EXERCISE DESCRIPTION -> Please retype, character for character, the portion of the entries below that runs from the line containing "433 S PAULA DRIVE #18 Dunedin, FL 34698" to the last line.

*** INPUT RECORDS Section Begins ***

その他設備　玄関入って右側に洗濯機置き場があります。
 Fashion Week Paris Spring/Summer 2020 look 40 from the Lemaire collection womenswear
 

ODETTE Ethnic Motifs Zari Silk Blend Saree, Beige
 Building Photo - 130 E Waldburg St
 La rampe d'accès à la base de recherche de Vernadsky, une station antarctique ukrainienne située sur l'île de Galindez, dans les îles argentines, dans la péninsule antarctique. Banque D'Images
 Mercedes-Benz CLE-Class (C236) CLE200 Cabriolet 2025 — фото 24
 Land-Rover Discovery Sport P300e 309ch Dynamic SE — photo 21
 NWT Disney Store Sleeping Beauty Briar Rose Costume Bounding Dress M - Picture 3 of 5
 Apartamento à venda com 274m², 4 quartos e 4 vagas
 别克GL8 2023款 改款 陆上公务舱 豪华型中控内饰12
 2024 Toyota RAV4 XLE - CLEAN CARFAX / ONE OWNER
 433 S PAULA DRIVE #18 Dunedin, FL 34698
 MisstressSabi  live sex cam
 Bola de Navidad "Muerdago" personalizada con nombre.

*** INPUT RECORDS Section Ends ***

RESULT OF THE EXERCISE ->
 433 S PAULA DRIVE #18 Dunedin, FL 34698
 MisstressSabi  live sex cam
 Bola de Navidad "Muerdago" personalizada con nombre.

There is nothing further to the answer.